I will start with my last day in Pleasant Grove. It was such a lovely and sacred time last few hours with my family. Driving past that G mountain I felt my heart swell and I appreciated the beautiful mountain more than I ever had in my life.


When I got to the MTC guess who I saw within the first 5 minutes? Sister Twede! She is an angel. Her Russian is amaaazing, and her accent is just lovely. (Note from Brooklyn's Dad- Sister Twede is a sister Brooklyn met on facebook then in person a couple of weeks before she went into the MTC, even went to her farewell. )

The first night in the MTC... I was slightly disapointed to hear that no body goes to bed at 10:30. I actually hated that, because I wanted to hear that everyone is just 100% obedient. I went to bed at 11:30 my first night just thinking it was normal to do so... no, no no no! Haha good thing there is such thing as repentance :) There is a boy in my district who says he promised the Lord 110% and I'd like the promise him the same thing.

Let me tell you a little bit about my district, my companion, and my teachers. 

My companion is Sis Palmer, a little bit about her... She is a genius. She knows the gosepl SOOO well. (that's not much info I know, sorry) I knew half of my district before the mission, and we all get along very well. The second day at the MTC I decided to dump my food all over myself went I went to sit down at the table, so that was good. And the third day Sis Palmer somehow felt backward in her chair and just legs went right over her head, garments and all. 

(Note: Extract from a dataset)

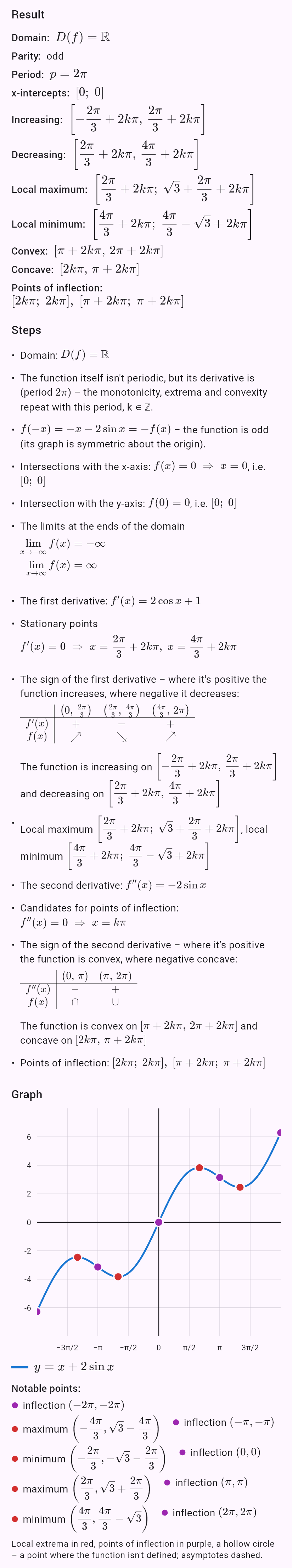 x + 2sin x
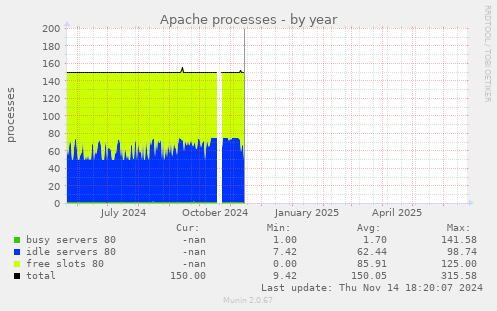 Apache processes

My teachers.... So there is Sister Jackson, Tanner was actually her first Zone Leader, she served in Yekaterinburg, and I am slightly convinced that she hates me :):):) One of my other teachers is Sister Wrigley. She starts with personal interviews with each missionary so she pulled me out into the hallway and just asked me a few questions. I told her about my family, my reasons to serve, and then she asked if it was okay if I could share something that has happened in my life to make my testimony grow. Also, she taught Elder Graf and said he is one of best missionaries she's ever seen come through the MTC in her 2 and half years teaching there! Elder Graf has prepared so many friends for me, and doesn't even know it :) 

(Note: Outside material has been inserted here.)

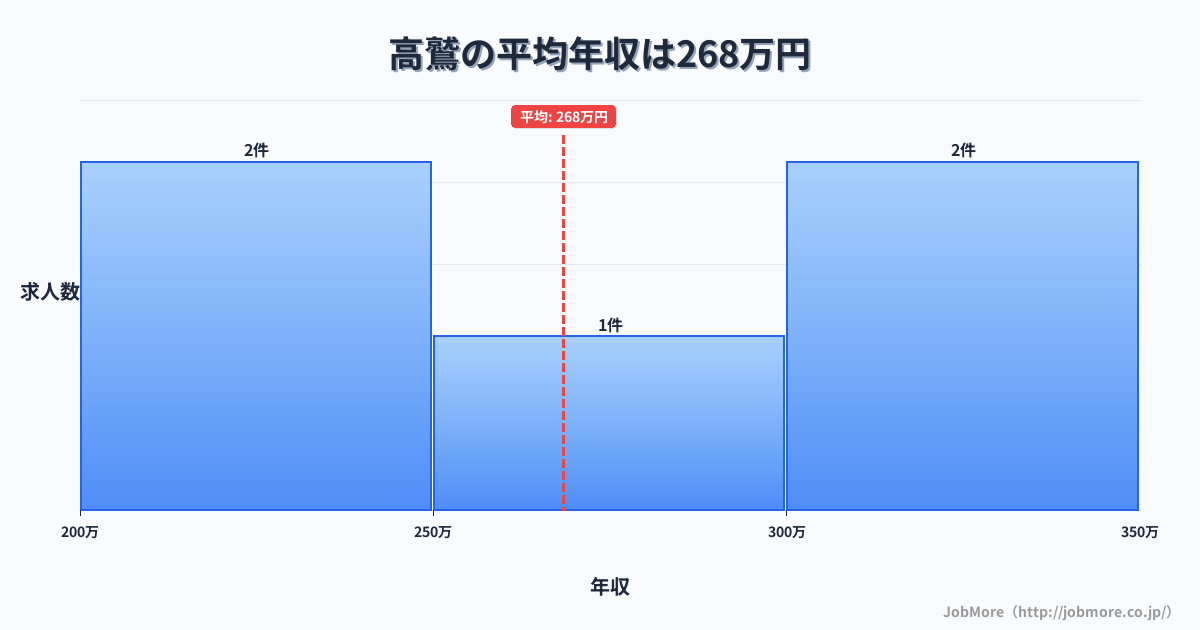 大阪府羽曳野市高鷲駅周辺の平均年収は376万円です。中央値は340万円、最頻値は300万円〜350万円です。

A little bit about my language here.... I was sooo so blessed to have taken 1 year of Russian before coming out here. I can speak freely with my teachers and with the 7 or 8 week missionaries. Actually the other day in class another teacher popped her head in while Sis Wrigly was teaching us and the other teacher was speaking in Russian to sister Wrigley, She said, "how's your class doing so far, how's their language?" And Sis Wrigley just kinda smiled and said, "well... uhmm...." I got a disapproving look and my face and called her out on that hahaha. They finished their conversation in the hallway. Me and one other boy in my class are having private lessons with another teacher because I am already to page 86 in the blue board book, and am not learning anything in class. Otherwise I am going to fall into complacency right from the beginning. They might even send us out after we've been here 3 weeks. All the teachers are going to get together tomorrow to talk and pray about us and see if we can get sent out early.

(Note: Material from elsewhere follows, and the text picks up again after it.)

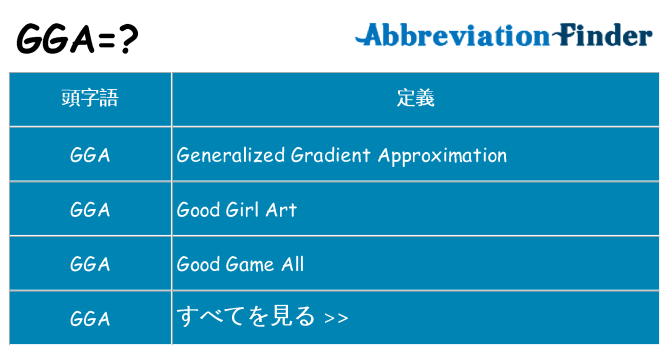 gga は何の略します。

One thing that really humbled me was the other night when I was talking to another sister. She reminded me that although Elder Nally and I know a lot of Russian we should never try to be better than anyone else, because Christ will always be best, he's always number one. 


My favorite day at the MTC so far was Monday. I speak Russian very well when I look at the people around me.... I speak as fluently or more fluently than the 7 or 8 week missionaries...  but during Monday's lesson I could not speak a lick of Russian, since I've been here I've been able to speak as freely as I want, but on Monday it was like all the Russian I had ever learned was cleared from my mind. I couldn't say anything I wanted to, and the part that makes it all a little more difficult even is that I feel like everything relies on me, because my companion doesn't know how to speak yet. There is so little unity in our lessons. I walked out of that room feeling like we accomplished nothing. I just started crying. We went on a walk to calm me and I said a sincere prayer but I still felt so alone. I felt like... because the spirit was not in the lesson I was unworthy to have him with me. That was just such a dark thought to me. I just felt horrible and I didn't know how to make it leave. I'd always heard if you don't have the spirit you cannot teach, I didn't think I'd experience it first hand. It was so very humbling, here I am, Sister Wilson-- who CAN speak Russian and it was like God put a little fog over my brain so I couldn't even tap into my language. It was time to start preparing our lessons and I had no motivation, and I STILL could not start thinking in Russian again. it just made me feel worse. Then some of the other sisters came into our room and spoke to me, they were so uplifting and understanding. They started speaking to me in Russian and slowly but surely my language began to return..... Ohhhh it felt sooo good. I take the knowledge I have for granted sometimes. But I realized the mistake I had made was this: I can ONLY speak Russian if it comes from my heart. If I start reading off a page I lose my train of thought and can't speak anymore. God wants me to speak what's in my heart. (I also think he did it so i would know how frustrating it is not to be able to speak Russian). That was a turning point in my mission.

Last night we have a devotional with Russel M. Nelson and afterward had a district devotional, those times with your district are seriously bonding. As missionaries there will not be a day where someone is not praying for the missionaries. DON'T let those prayers be in vain. Right now we are on the front lines of the most elite army on earth, Lucifer's army has never been more powerful, but neither has God's. Right now we are to give up our lesser selves and submit... the only part you are giving up is your ego. God will replace that lesser self with the girl God was preparing me to become even before my mortal life.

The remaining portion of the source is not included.